From the test results above, we can conclude that after 500 seconds integrated navigation and 200 seconds inertial navigation, the position errors of the east, north, and upward of the traditional model are 798.3 m, 550.6 m, and 207 m, respectively. The east, north, and upward position errors of the proposed integrated model are 592.2 m, 444.8 m, and 176.6 m, respectively. The navigation accuracy of the east, north, and upward positions of the proposed model improved by 25.8%, 19.2%, and 14.7%, respectively. Consequently, the integrated navigation method proposed in this paper can achieve higher navigation accuracy. So the integrated navigation model proposed in this paper is superior and effective.

5. Conclusions

The influence of scale factor error and misalignment error on navigation accuracy is analyzed in this paper. Based on the analysis, scale factor error and misalignment error are considered in the error state vector.
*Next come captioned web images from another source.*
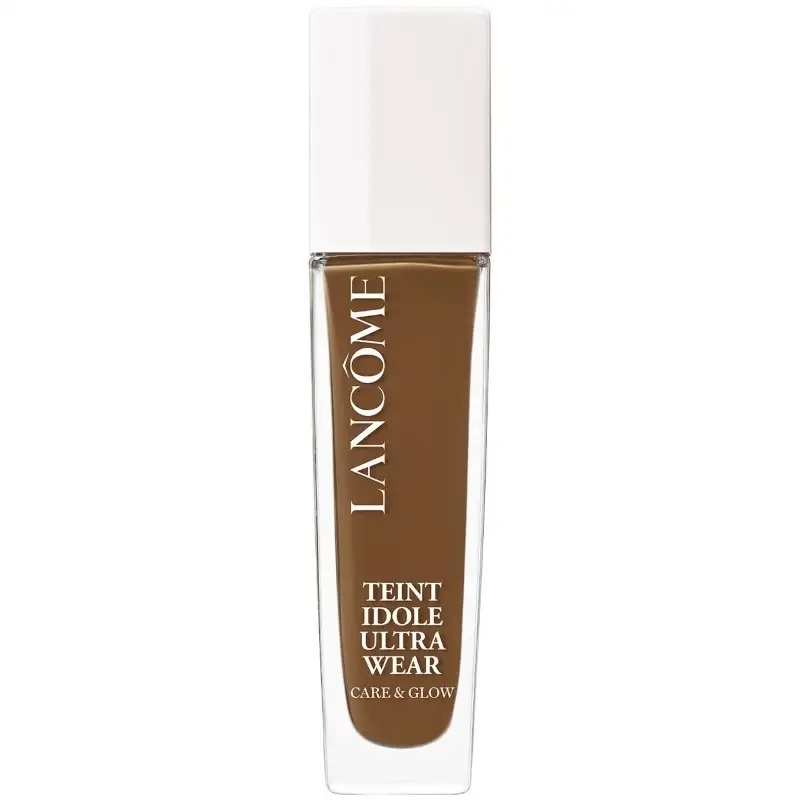 Lancôme Teint Idôle Ultra Wear Care & Glow Foundation 30 ml - 530W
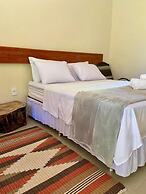 Pousada Estação Andorinhas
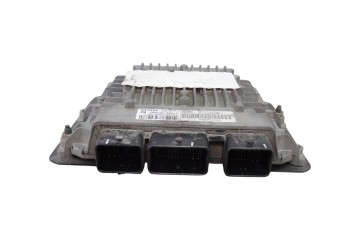 9653205380  CENTRALITA MOTOR UCE PEUGEOT 307 (S1)(04.2001) XR 2004 9653205380 216774 PEUGEOT - 1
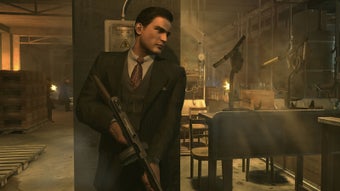 Imagen 3 para Mafia II demo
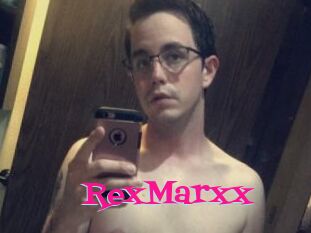 RexMarxx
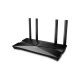 TP-Link Archer VX1800V 4 Port 1800 Mbps VDSL2 Modem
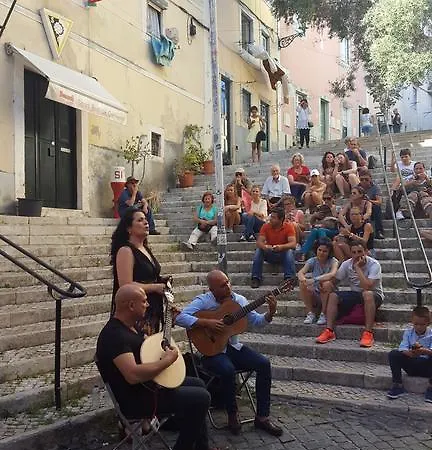 Casa Do Pátio
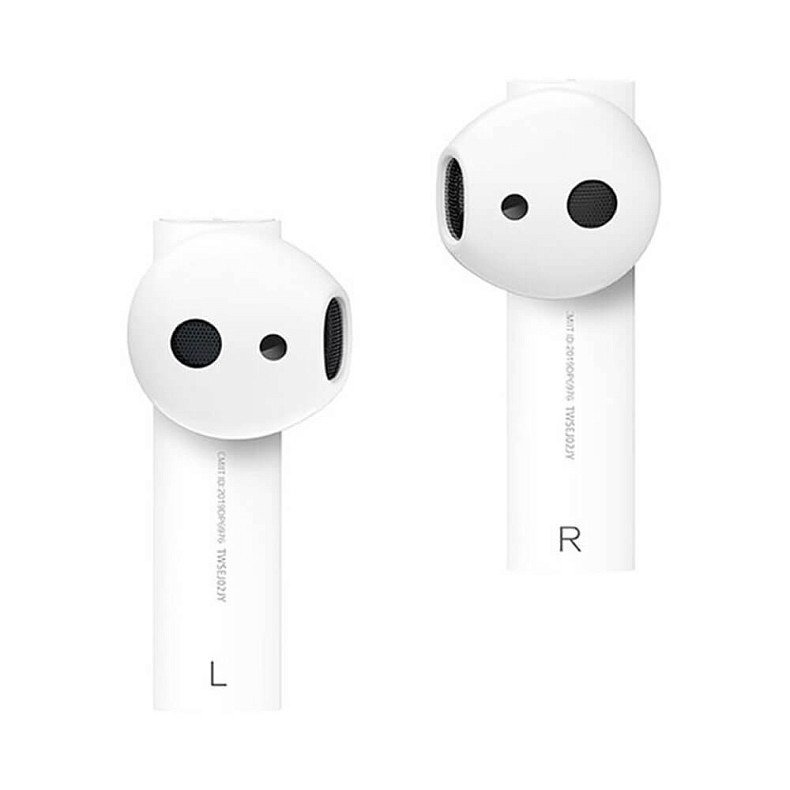 Наушники Xiaomi Mi Air 2S True Wireless Earphones TWSEJ07WM (Международная версия) (BHR4208GL)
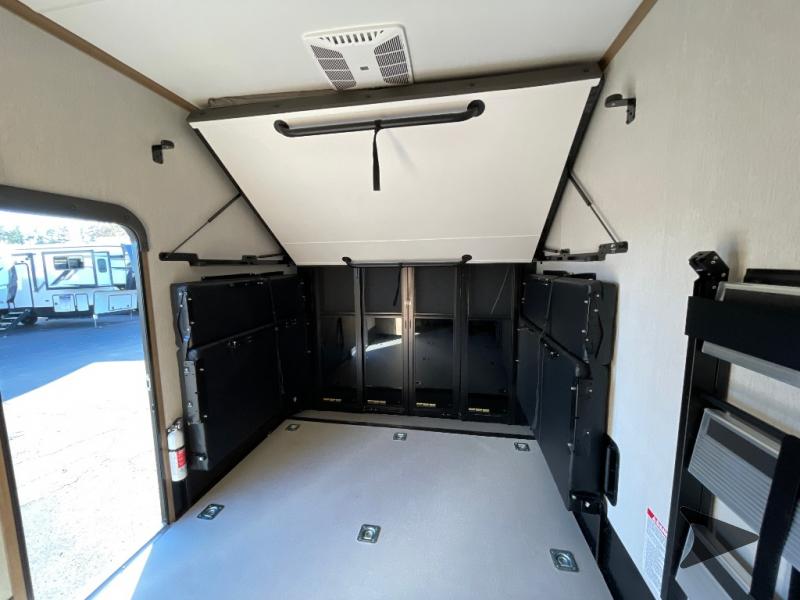 New 2024 Forest River RV Vengeance Rogue Armored VGF4007G2 New 2024 Forest River RV Vengeance Rogue Armored VGF4007G2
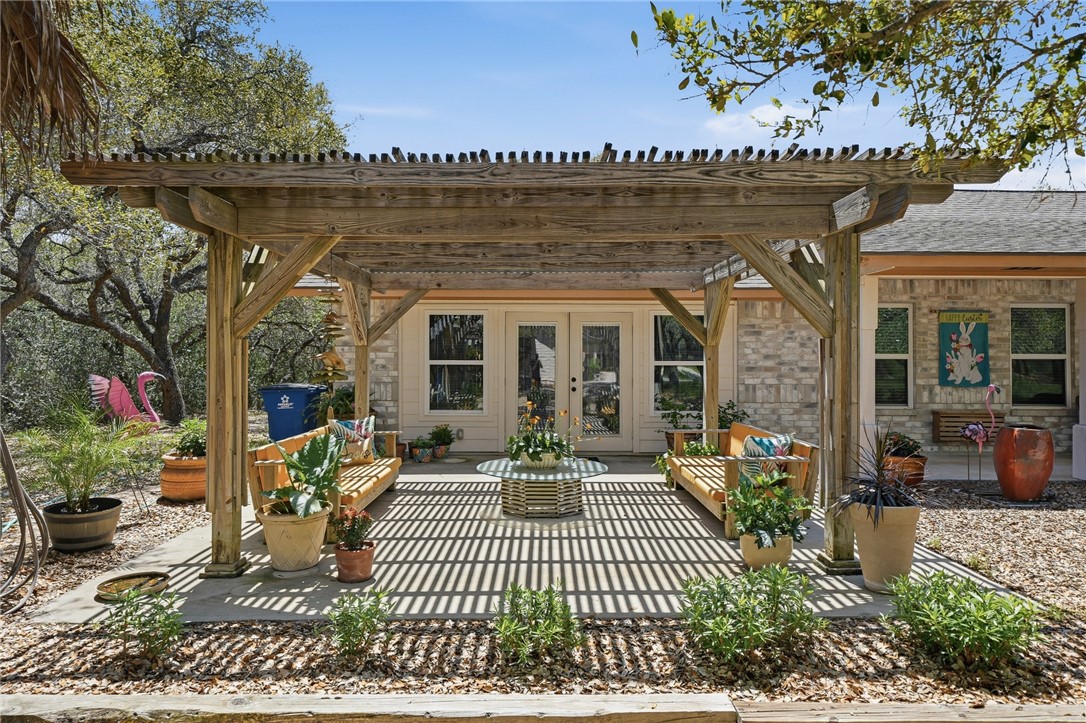 1663 Mooney Lane Ingleside, TX 78362 - Photo 3 of 35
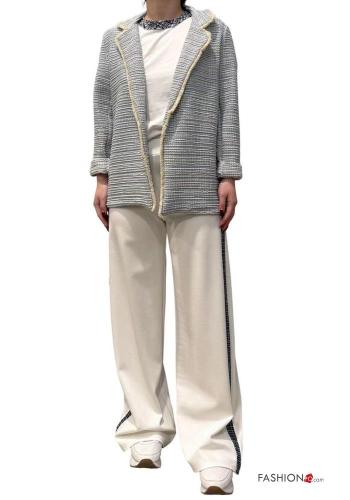 Cotton Jacket - ph 2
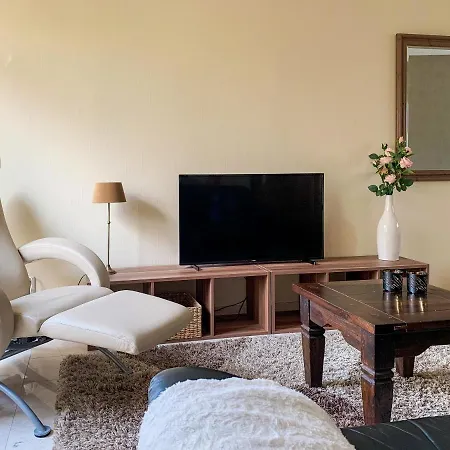 Kluiskade 24 * Maasland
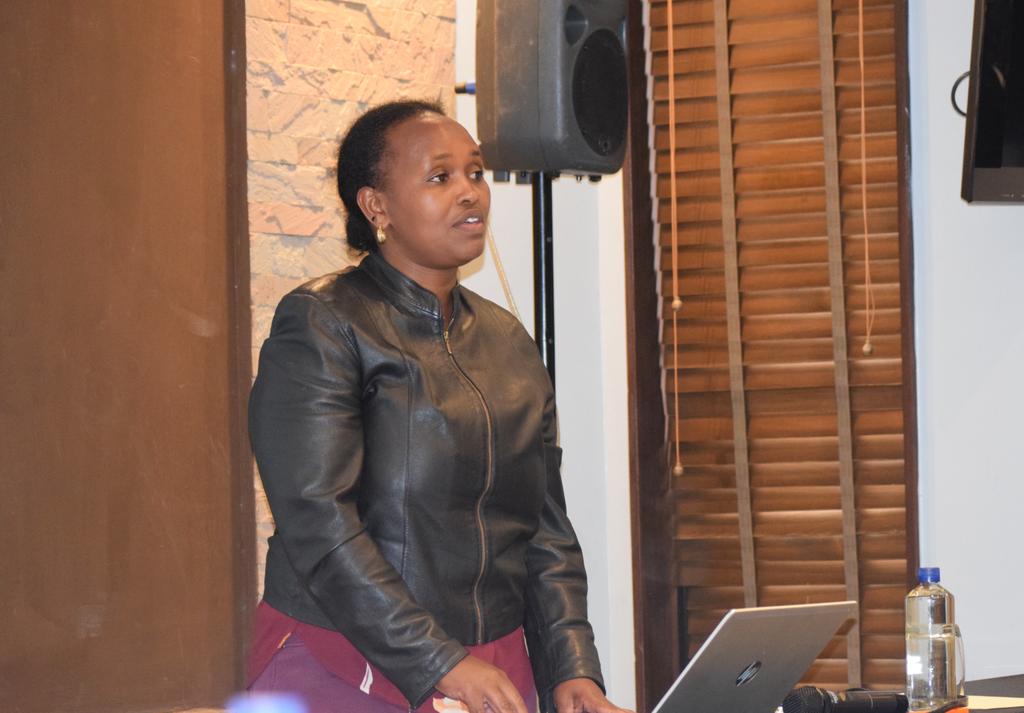 The discussions assessed the impact, challenges and best ways forward to ensure maximum productivity of this strategic approach in pesticide management.

#SPMF #responsibleuse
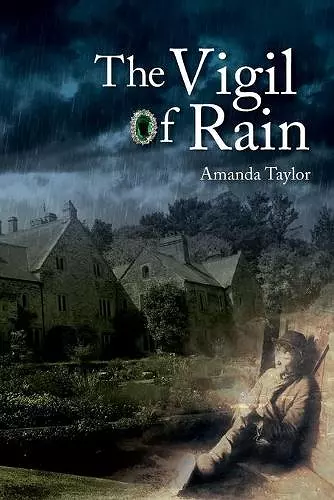 The Vigil of Rain cover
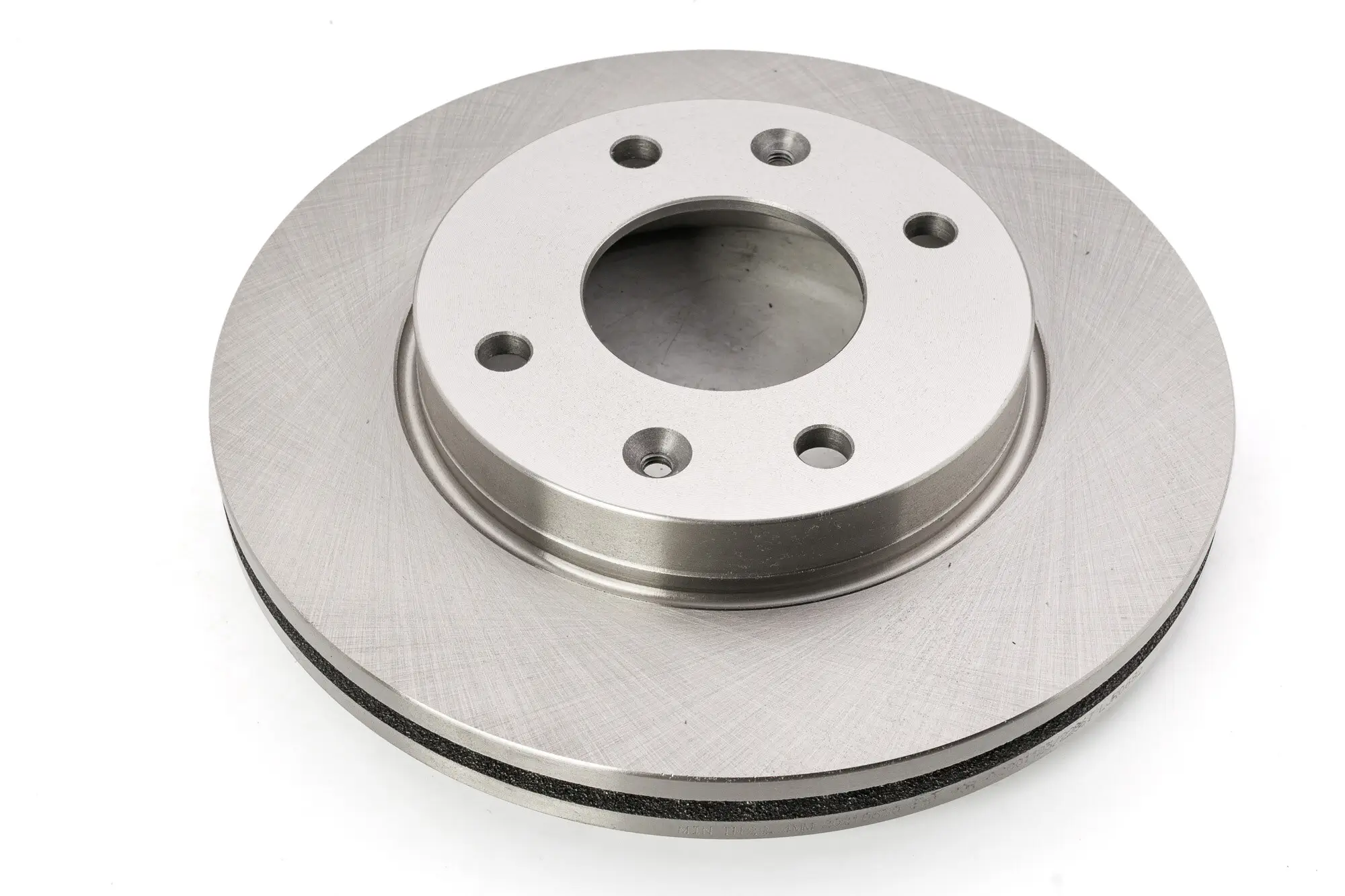 Bremsscheibe Vorderachse Dr!ve+ DP1010.11.0694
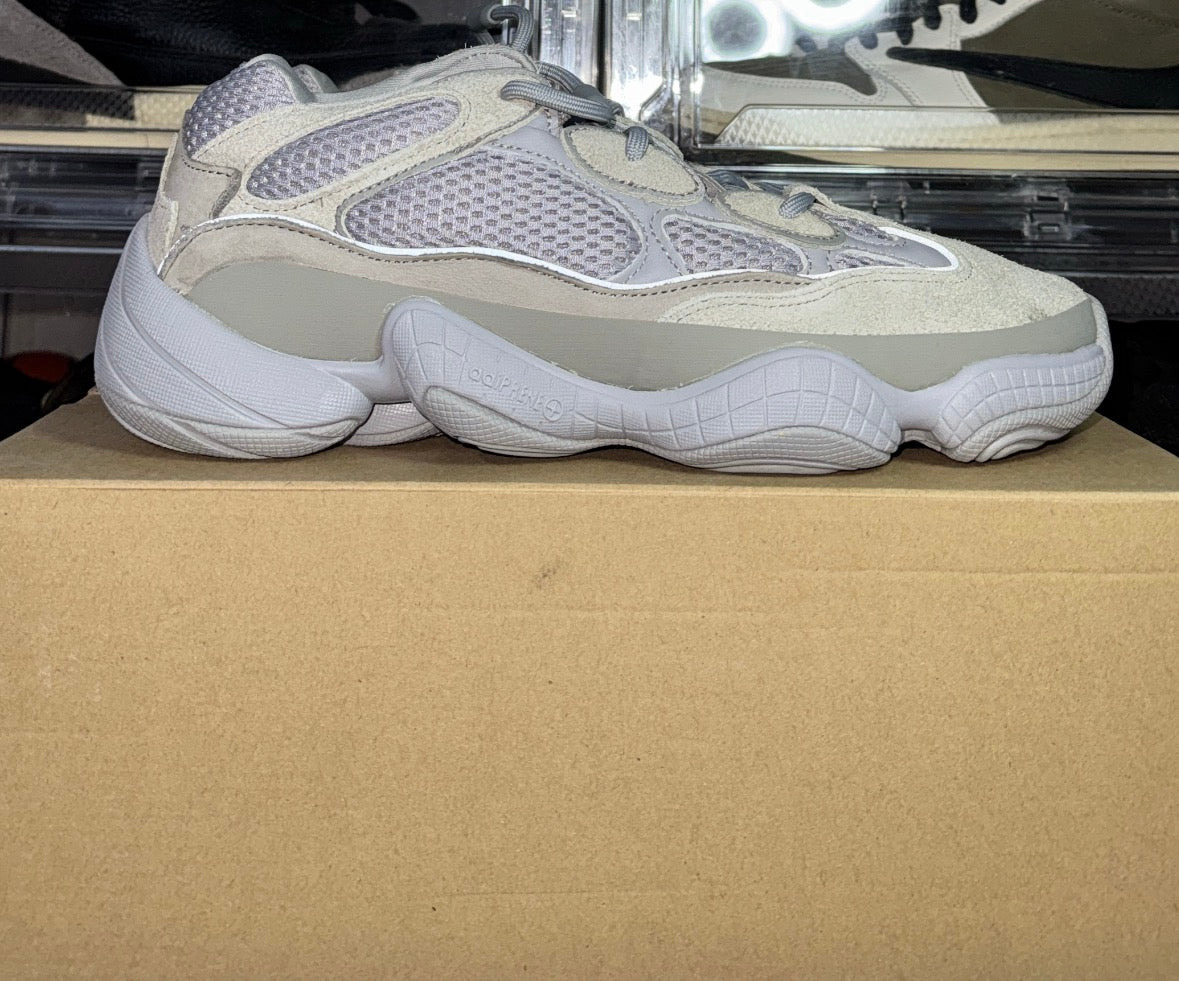 Yeezy 500 “Stone”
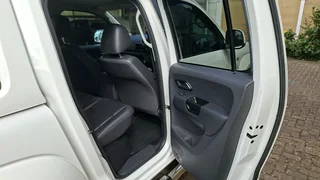 Amarok Highline 2.0 BiTDi 132kw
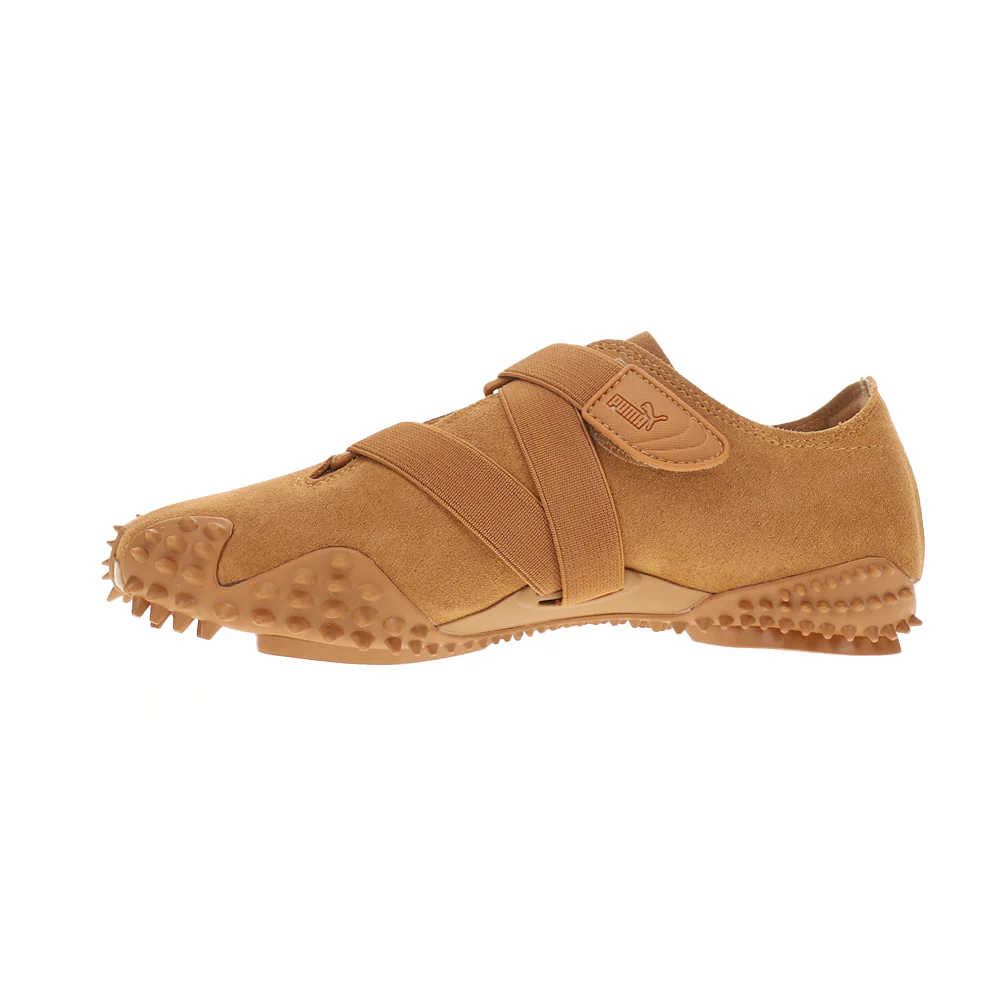 Mostro Unlined Slip On Sneakers - Image 3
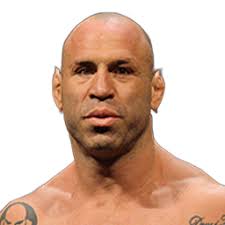 Wanderlei Silva "The Axe Murderer" Record: 35-14-1, Stats, and Past Fights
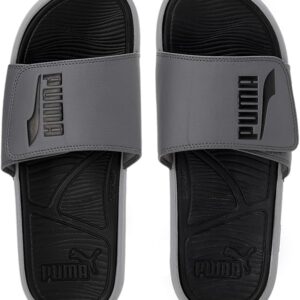 PUMA Men's Cool Cat 2.0 V Slide Sandal - Image 4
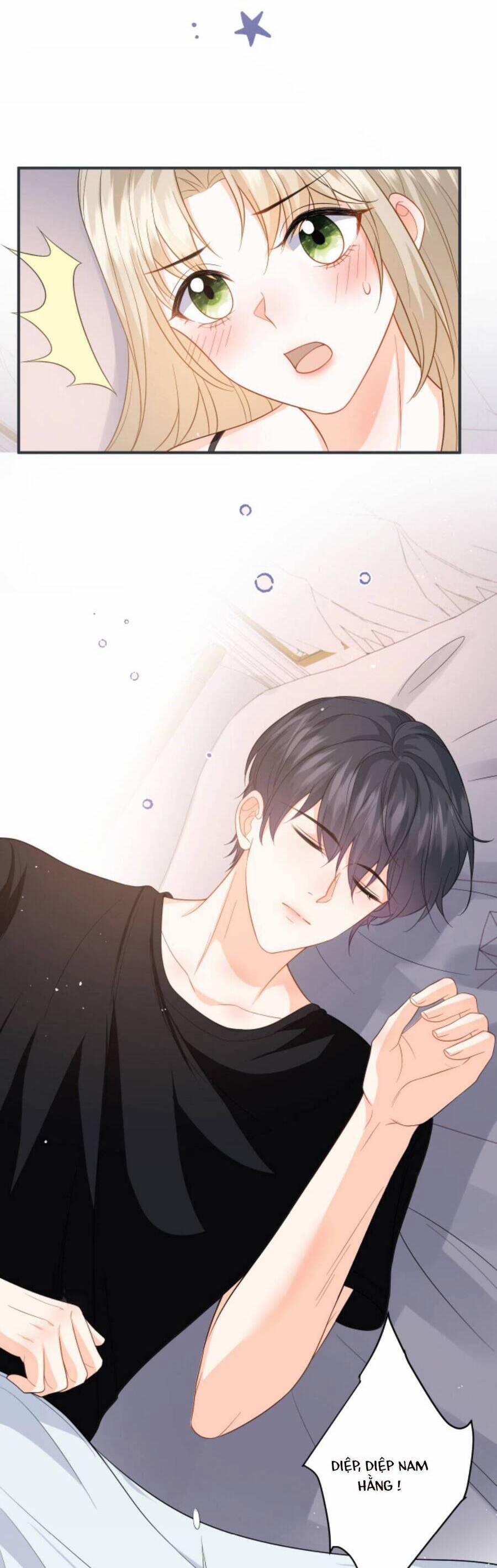 Xuyên Nhanh : Nhân Vật Phản Diện Quá Nuông Chiều Ta 58 trang 6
Then the observability of scale factor error and misalignment error is analyzed combined with typical airborne movement. The integrated system is optimized according to the observability analysis results. Finally, this method is verified by numerical simulation and turntable test. The results all show that the INS/GPS integrated navigation model proposed in this paper can obtain more effective estimation of IMU errors than traditional integrated navigation model. In addition, when GPS becomes invalid, the proposed integrated model can achieve higher navigation accuracy.

Conflicts of Interest

The authors declare that there are no conflicts of interest regarding the publication of this paper.